Saeed Al Nazari is the Director General of the Federal Youth Authority of the UAE, Executive Director of the Youth at the UAE Prime Minister’s Office, and Chief Strategy Officer of the Arab Youth Center. During his career, he has overseen more than fifty national projects, including the development of the National Youth Agenda and the Emirati Youth Empowerment Model in the UAE. He was also the founder of two startups: Leo Production and Boost Consultancy.

Education
Al Nazari holds a master’s degree in Leadership and Corporate Entrepreneurship, and a bachelor's degree in Business Administration – Human Resources from Higher Colleges of Technology, Abu Dhabi, UAE. Al Nazari is also a graduate from the Sheikh Mohammed Bin Zayed Scholars Program (SMSP), an international leadership program at New York University, UAE, which is an international leadership program. He has also completed the Knowledge and Human Development Authority’s Promising Leaders Program in the Republic of Mauritius. Al Nazari further took the professional management studies at the University of Cambridge and studied strategy and planning at the London Business School.

Award 
In 2015, Al Nazari was awarded the Mubadala Youth Award in recognition of his passion and achievements in promoting leadership, innovation and happiness through his work in society. He was also awarded Emirates Award for Arabian Gulf Youth 2014 for his project Factory of Dreams. Factory of Dreams is a proposed crowd-funding website designed specifically to help low-income young entrepreneurs.

Career
Al Nazari was the youngest Assistant Manager - HR at the Noor Bank, back in 2012. Earlier than his role, Al Nazari worked as a Project Manager in the Executive Office of His Highness Sheikh Mohammed bin Rashid Al Maktoum, where he got to work on strategic projects like the Arab Social Media Influencers Summit, the Arab Strategy Forum, and AREA 2071.

Youth Empowerment Programs & Initiatives 
Al Nazari has led and managed more than 50 national projects, including the Federal Youth Hub, National Emirates Youth Values Program, United Nations Youth Delegates Program, Emirates Youth Summer Academy, Young Economist Program, 100 Mentors Program, and the Youth Circles, which won the Mohammed Bin Rashid Government Excellence Award in the category of Distinguished Initiatives. As Chief Strategy Officer of the Arab Youth Centre, Al Nazari led and managed several regional initiatives and programs, including the Young Arab Media Leaders Program.

Al Nazari is also a member of the Global Shapers community of the World Economic Forum, the National Committee for Sustainable Development Goals, along with the Integration Committee for Human Resources Development. He is the youngest board member of the Global Social Media Club in the UAE, and has served as the Global Innovation Ambassador for the Global Innovation Management Institute.

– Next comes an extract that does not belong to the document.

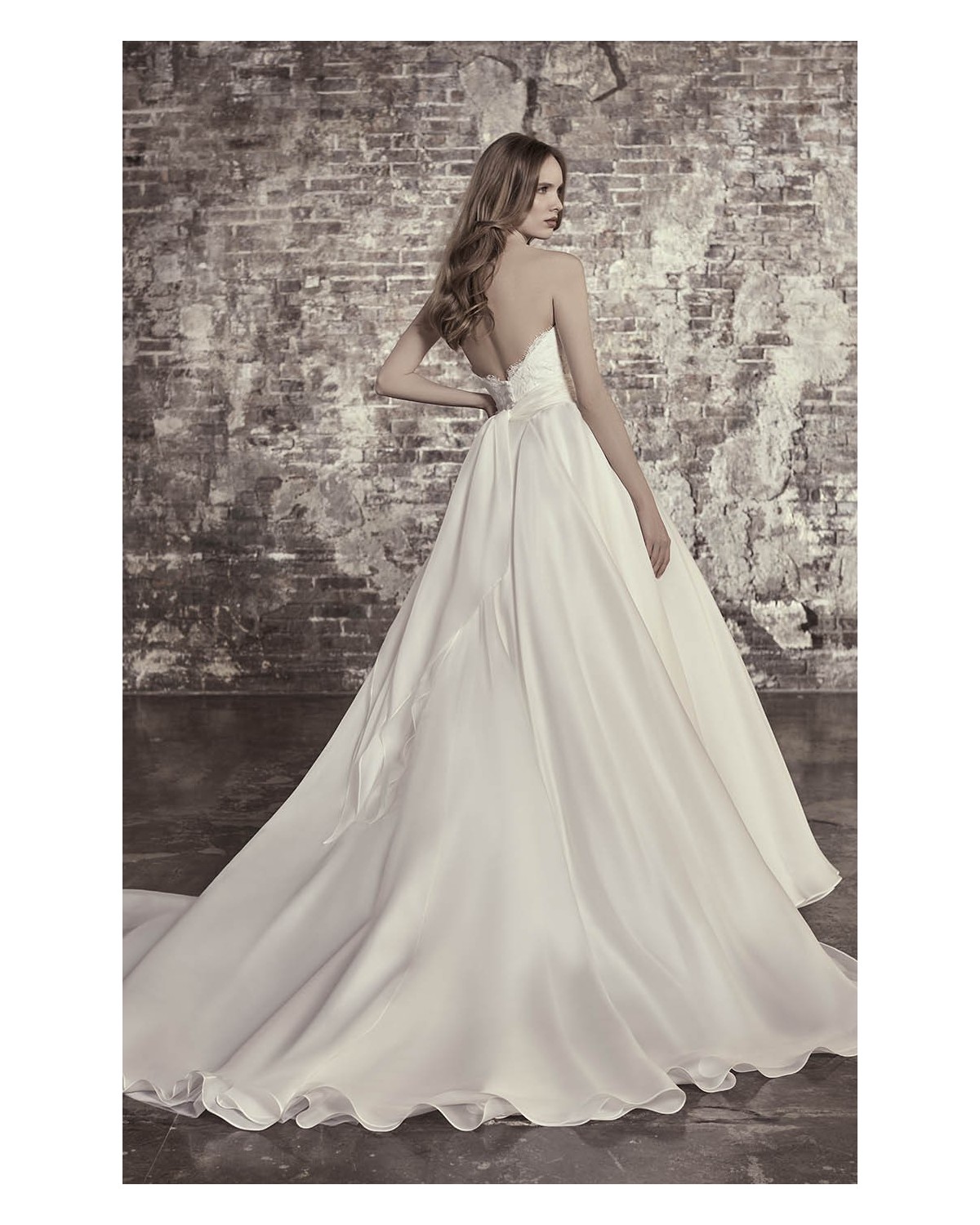 abito da sposa Collezione 2023 DORADO - Elisabetta Polignano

Global Happiness Organization
Saeed Al Nazari is the current president of UAE chapter of Global Happiness Organization. The aim of the organization is to make people aware about happiness and to achieve Sheikh Mohammed bin Rashid Al Maktoum's (Vice President of the UAE and Ruler of Dubai) Dubai 2021's first objective “achieve people’s happiness”.

Dubai Health Authority Drone
He designed a drone for the Dubai health authority which can transport medical supplies and aid to patients at home or in emergencies. The drone was a semi-finalist in Dubai government's "Drone for good competition".

References

External links
Official Website

New York University alumni
Living people
Year of birth missing (living people)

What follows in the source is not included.